Good Friend J, a top news executive in a TV network, said she grew up believing she was different because she was eating watercress from the wok of her grandfather, who was pure Chinese. I thought we were the only family in town eating grass, and I've always hidden that part as one of our culinary secrets, she said, until she heard a famous personality was serving this as salad. So deep must have been her watercress scars, she laughingly related, she immediately felt a kinship with this watercress salad-serving personality, as if they were part of some untold conspiracy.

Another friend J, upon seeing watercress salad served as the side dish of his sandwich, quipped: “Damo ni sa kilid kalog sa balay (These grow abundantly on the sides of the canal in the house)”

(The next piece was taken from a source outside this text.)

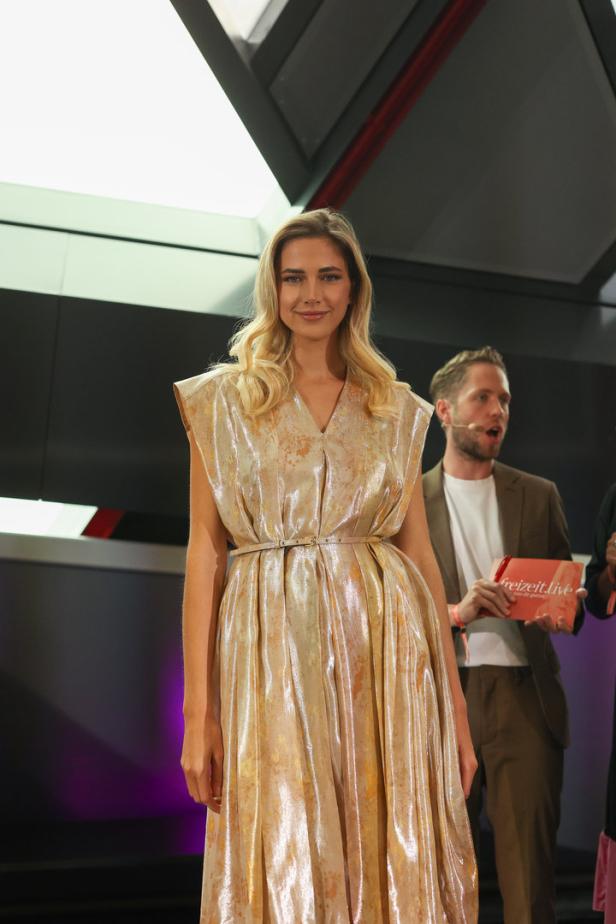 Eine Frau in einem goldenen Kleid auf einer Veranstaltung.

Really now. While watercress grows locally, I don't think there is a robust eating tradition for it hereabouts. Proof is, it doesn't have a name in the vernacular, at least none that I could find. I've shown it to some old folks in the countryside, and most of them reacted with surprise: Nakaon na gali? (Oh, that is edible?)”

Watercress is a very European food, Good Friend P, who works in a German bank said. It is used mostly for salads and garnishing. With a peppery kick in its flavor, it is best used to waken up the palate to start the meal or clean it between courses.

In Baguio over the weekend, I saw how versatile this weed is on the dining table. I found watercress used as a co-equal to meat in the patatim of Rosebowl: the blanched leaves and young stems, limp but slightly crunchy, tasted nicely eaten with the soft fatty pork. I gathered from the public market vendors in that mountain city that watercress grows abundantly in Trinidad, and that their supplies come from there.

Over at Café by the Ruins, where locavore dishes are served, watercress accented its signature salad of greens with wild berries, strawberries, ripe mangoes and shrimps.

Good Friend L, a gastronome through and through, said one can also use watercress thus: boil chicken stock, put in beaten eggs while stirring it, and then just before taking it out of the fire, throw in the young stems and leaves.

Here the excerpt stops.